> _Your objective_
Leave the pictures behind and reproduce every line of the listing exactly.

**** Data excerpt

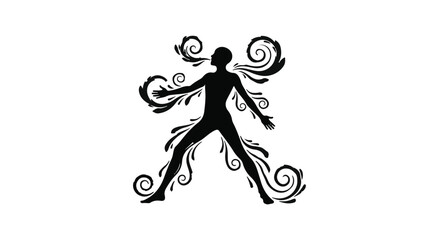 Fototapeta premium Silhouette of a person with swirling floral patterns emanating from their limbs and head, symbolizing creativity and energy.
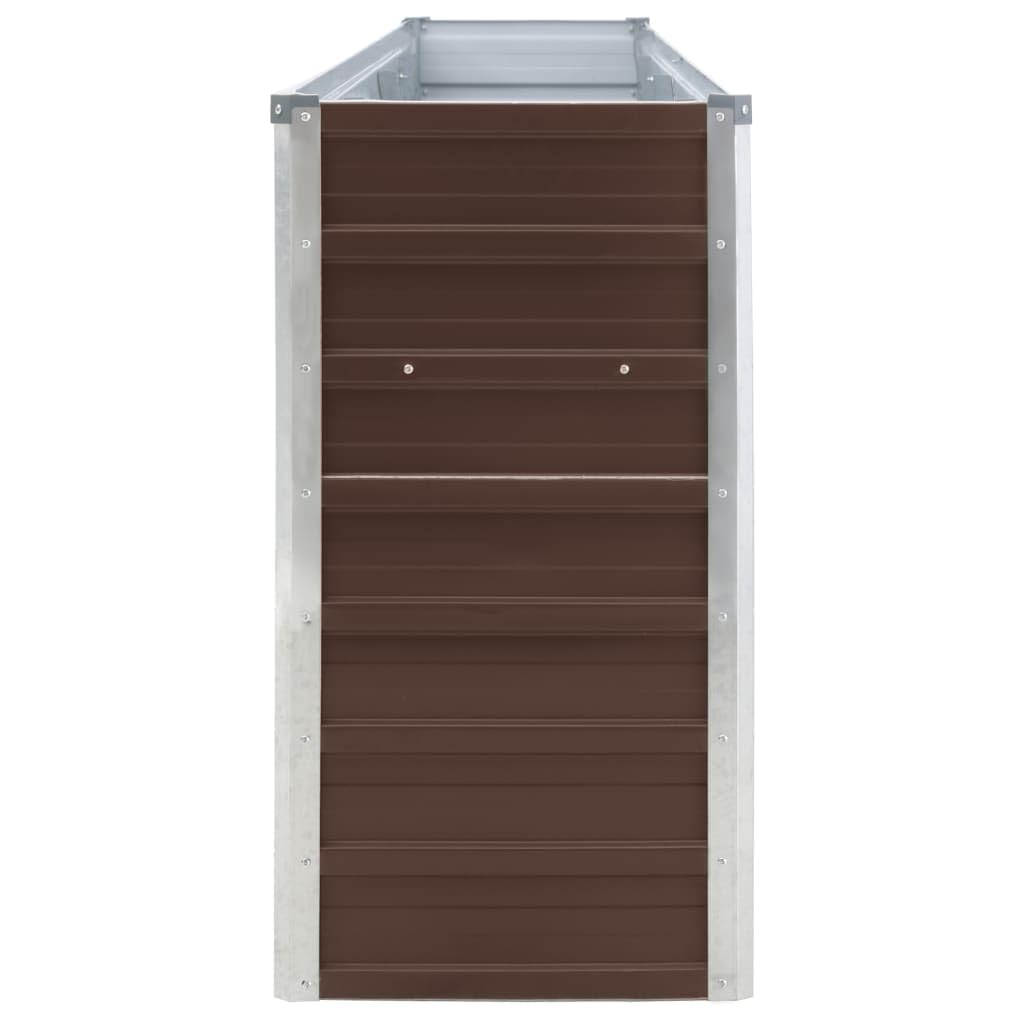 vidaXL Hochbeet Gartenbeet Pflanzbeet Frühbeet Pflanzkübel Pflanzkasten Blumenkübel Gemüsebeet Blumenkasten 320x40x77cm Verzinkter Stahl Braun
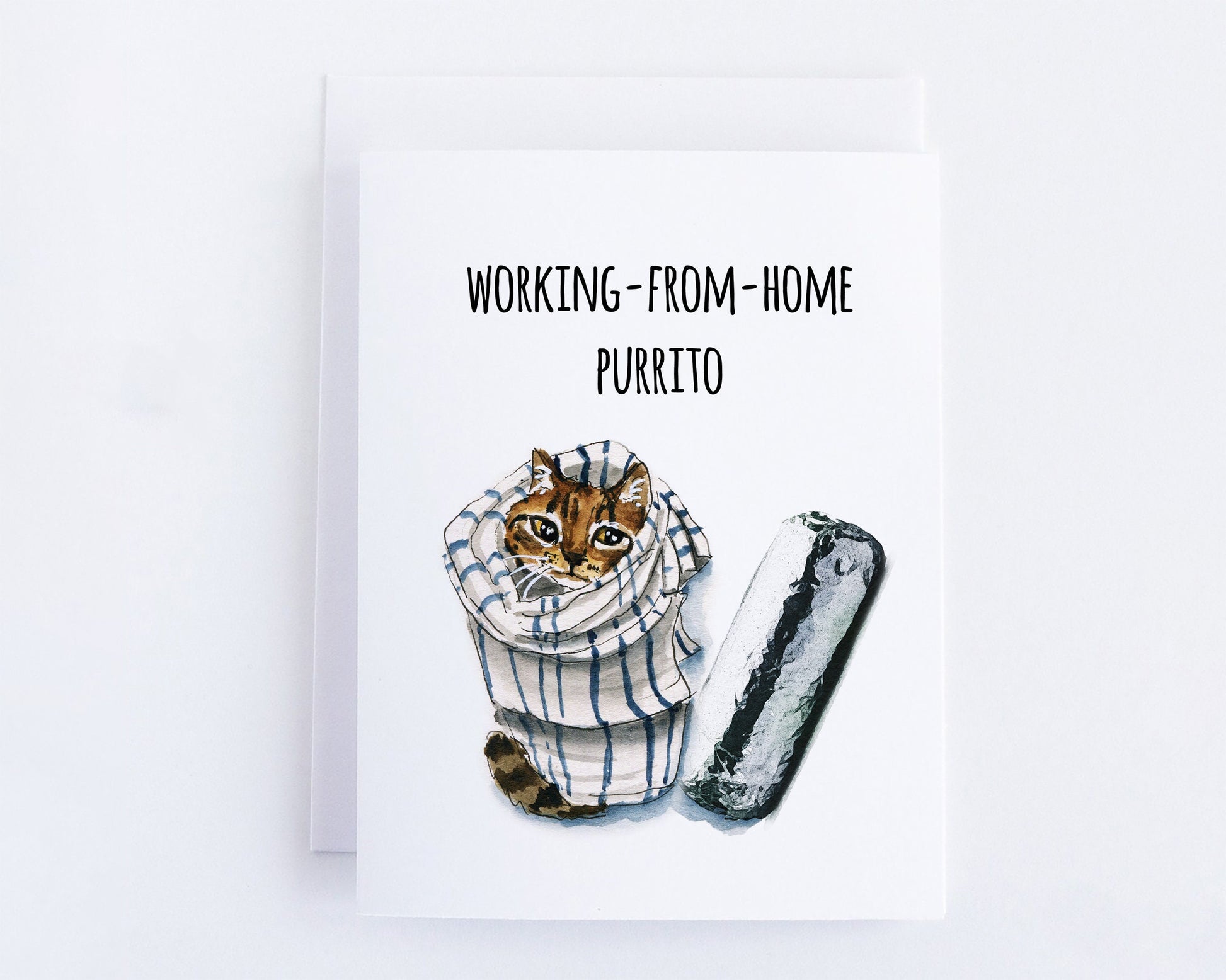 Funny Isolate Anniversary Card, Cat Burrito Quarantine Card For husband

********

> _Response_
 Fototapeta premium Silhouette of a person with swirling floral patterns emanating from their limbs and head, symbolizing creativity and energy.
 vidaXL Hochbeet Gartenbeet Pflanzbeet Frühbeet Pflanzkübel Pflanzkasten Blumenkübel Gemüsebeet Blumenkasten 320x40x77cm Verzinkter Stahl Braun
 Funny Isolate Anniversary Card, Cat Burrito Quarantine Card For husband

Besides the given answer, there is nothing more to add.